Detailed Introduction
CoTyle is an open-source image generation project from the Kolors team at Kuaishou that defines the “code-to-style” task: training a discrete style codebook so that each numeric code corresponds to a stable and reproducible visual style, and conditioning image generation models on these codes. The goal is to control global style consistency and diversity using a single numeric code without complex reference images or long prompts.
Main Features
- Trained discrete style codebook for explicit style representation and sampling.
- Conditioning of T2I diffusion models on style codes to achieve style-consistent outputs.

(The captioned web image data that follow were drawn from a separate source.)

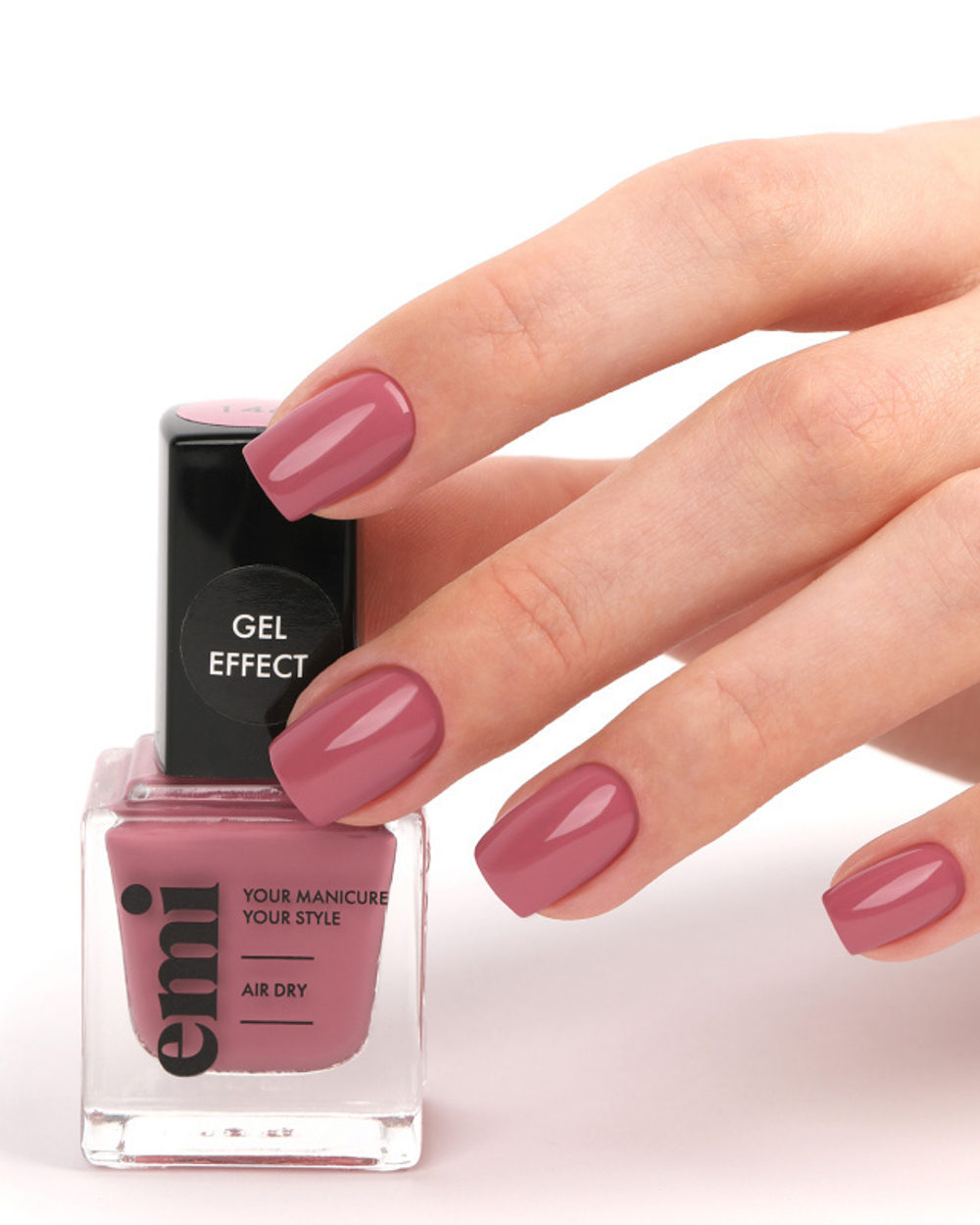 Ультрастойкий лак Gel Effect Спелый Кизил № 146, 9 мл.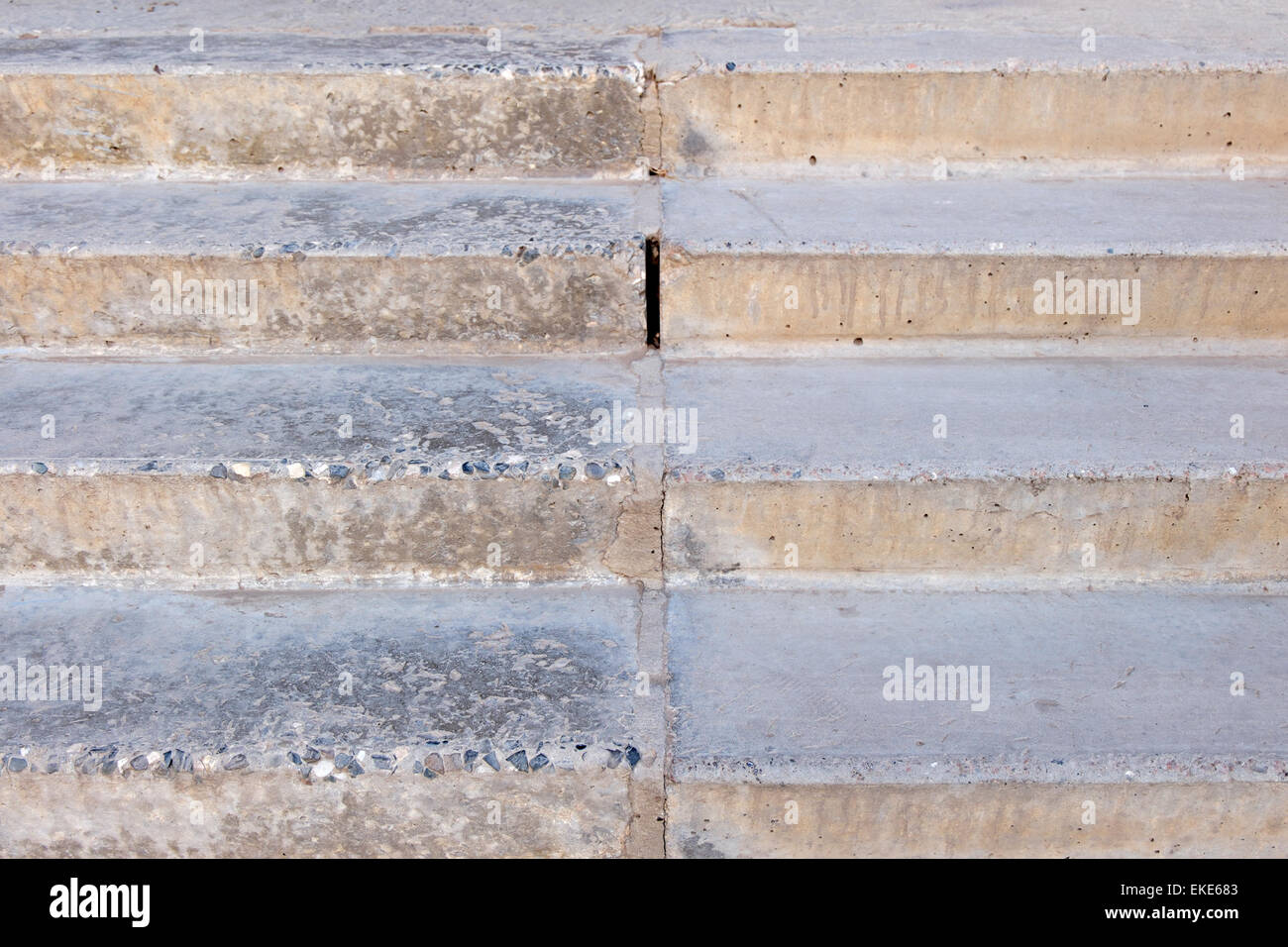 Abstract architecture detail stairs closeup a lot of copyspace Stock Photo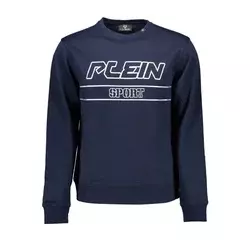 PLEIN SPORT Muški Duks FIPS210_BLU_85-NAVY, Teget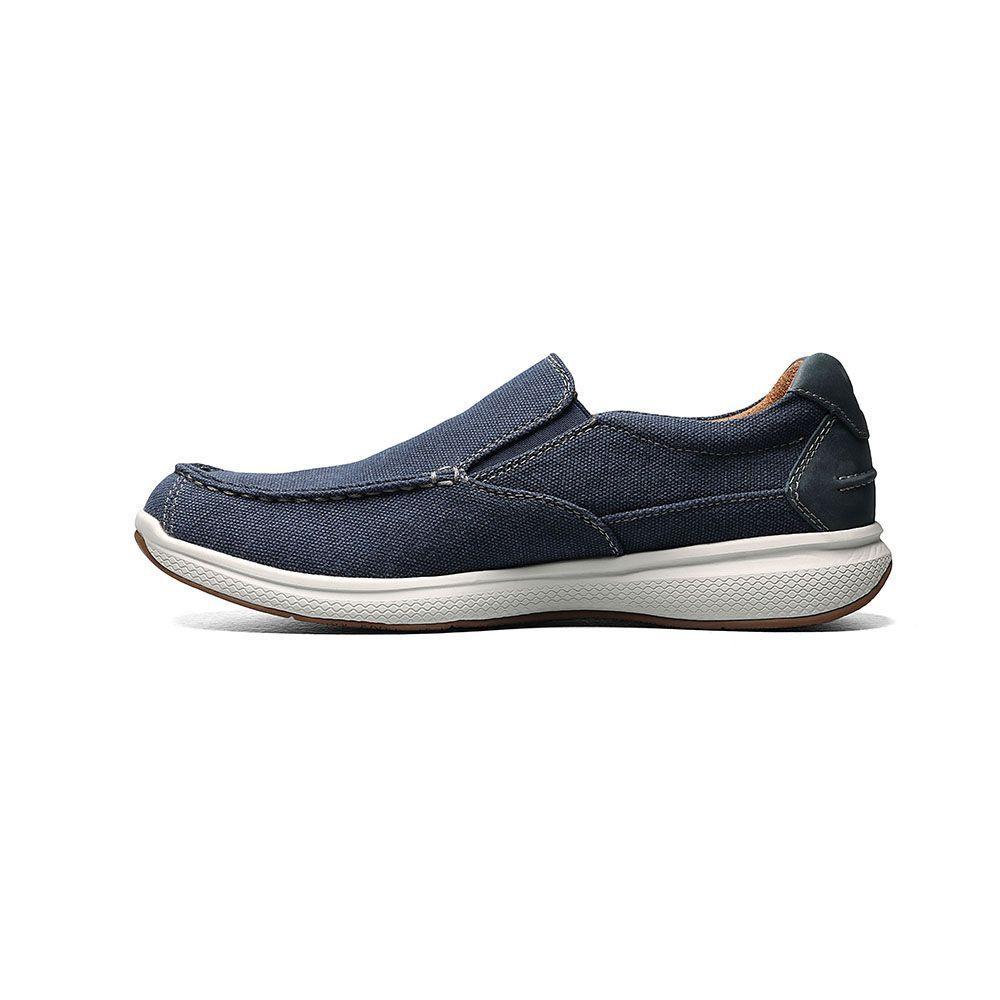 Mocasines Great Lakes Canvas Navy-1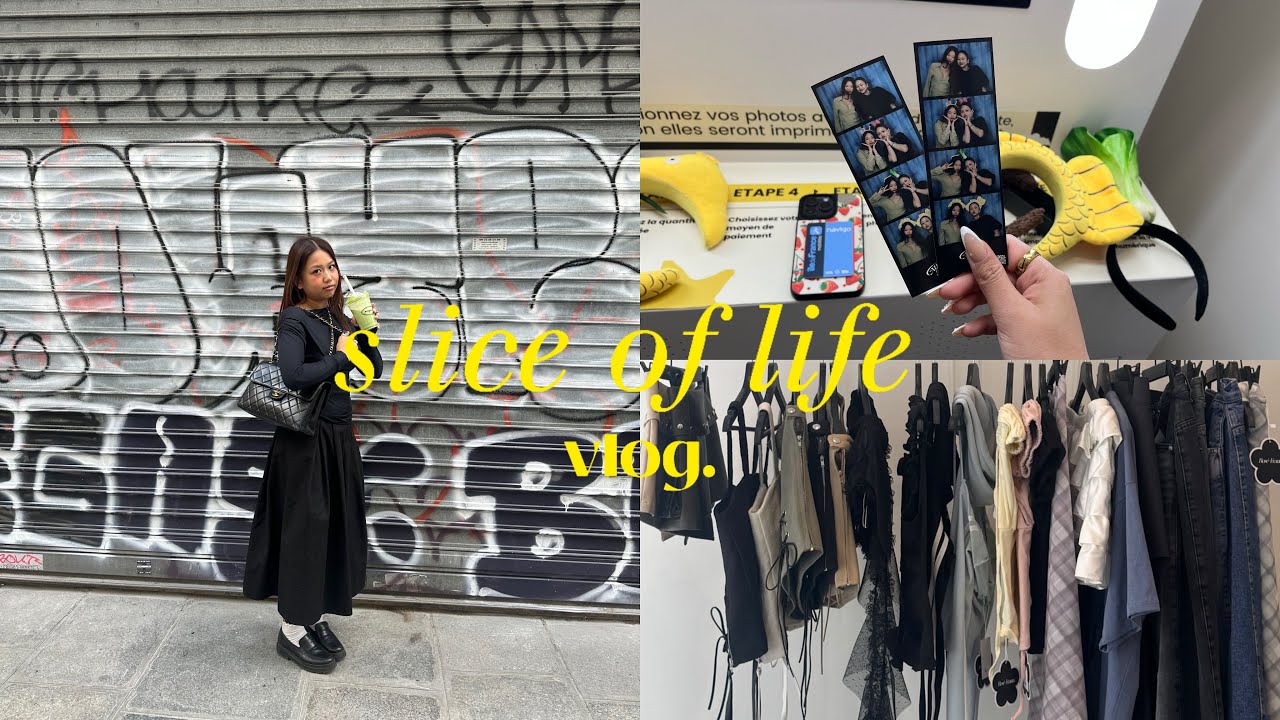 MAY DIARIES 🪼 w2e concert in paris, pop up stores, cafes, friends, etc. [eng sub]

- Reference implementations for batch and single-sample inference, Gradio demo, and released weights for reproducibility and extension.
Use Cases
CoTyle is suitable for creative workflows requiring deterministic style control, such as generating large sets of assets in a unified visual style, quickly assembling stylistic illustration libraries for products, and research on style representation and generation consistency. It serves designers and researchers exploring style spaces and automated asset production.
Technical Features
The project combines a discrete style codebook with diffusion models: a style embedding is learned from image collections, an autoregressive model is trained to model style code distributions, and generated numeric codes guide the diffusion model for style-conditioned synthesis. Implementation relies on modern diffusion frameworks and training pipelines, with optional inference acceleration to trade off speed and quality.